Requiem for Auschwitz – fighting prejudice, with choir and violin
Prague’s Rudolfinum concert hall is one of Europe’s most prestigious classical music venues – it kicks off the Prague Spring International Music Festival each year, among other things. Certainly its hallowed halls aren’t open to just anyone. So an appearance at the weekend by an orchestra made up of Roma or gypsy musicians was a rare event.
At a break in rehearsals I spoke to David Bubani, a violinist originally from Pristina in Kosovo. That evening he and the Roma and Sinti Orchestra were due to perform a piece called Requiem for Auschwitz.
“We are not only what’s called gypsy music, of the type many people know. We are also classical musicians. We can play Johann Sebastian Bach, or Mozart, or Debussy. And we can also play gypsy music of course. But here the purpose is telling the story that the Roma and Sinti and gypsy people also suffered during this war.”
Requiem for Auschwitz was written by the Swiss-born, Dutch-based Roma composer Roger Moreno, after his first visit to Auschwitz in 1998 left him emotionally drained and suffering from musical writer's block. The piece, he says, is dedicated to all the victims of Auschwitz; Jews, Roma, Poles, and everyone else who passed through its gates.

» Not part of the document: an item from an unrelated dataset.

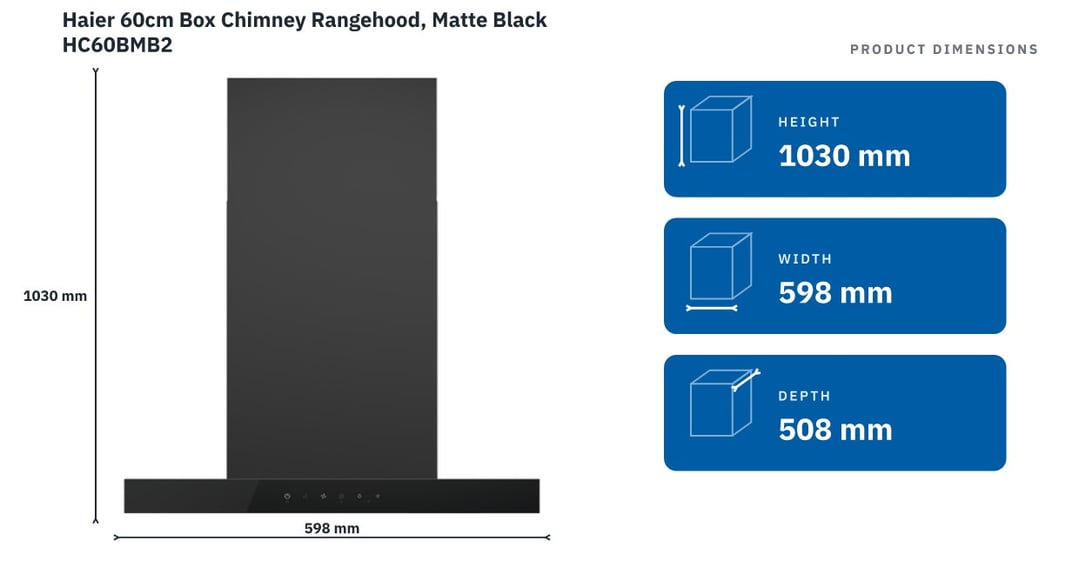 Haier 60cm Box Chimney Rangehood, Matte Black HC60BMB2 — product dimensions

“All those people dying there were in the same boat, whether they were Jewish, or gypsy, non-Jews, non-gypsies. So what is the difference in fact? They all died in the same way. So let’s make a kind of monument for all people. Maybe this work can even bring us a little bit – a little bit – more peace in this world, more tolerance between religions and between nations.”Since its première in Amsterdam earlier this year, Requiem for Auschwitz has been performed at Tilberg in the Netherlands, and now Prague and Budapest. More performances are planned for Frankfurt, Bucharest and Cracow. At each stop the Roma orchestra is paired with a local choir – a symbolic defiance of the invisible barriers that usually keep Roma and non-Roma apart.
The concert is also accompanied by a number of other events, in a project supported by the European Union and Germany’s “Remembrance, Responsibility and Future” Foundation. Jitka Jurková is from the Czech NGO Slovo 21 which handled the Prague side of things.
“We basically want also to show that the Roma are not how they’re shown in the media. Pretty often in the Czech Republic they’re shown as the poorest and most problematic group of inhabitants. We want to show them as also an elite and great and skilled people.”
The Czech classical musical scene is a somewhat conservative one; certainly appearances by Roma musicians at the Rudolfinum, the country’s most prestigious venue, are rare. Partly for that reason, says Jitka Jurková, all 1,200 tickets were free – organisers were concerned a concert by a ‘gypsy’ orchestra would fail to sell out. That’s a telling indication of the challenges facing those seeking to overcome deep-rooted prejudice against the Roma.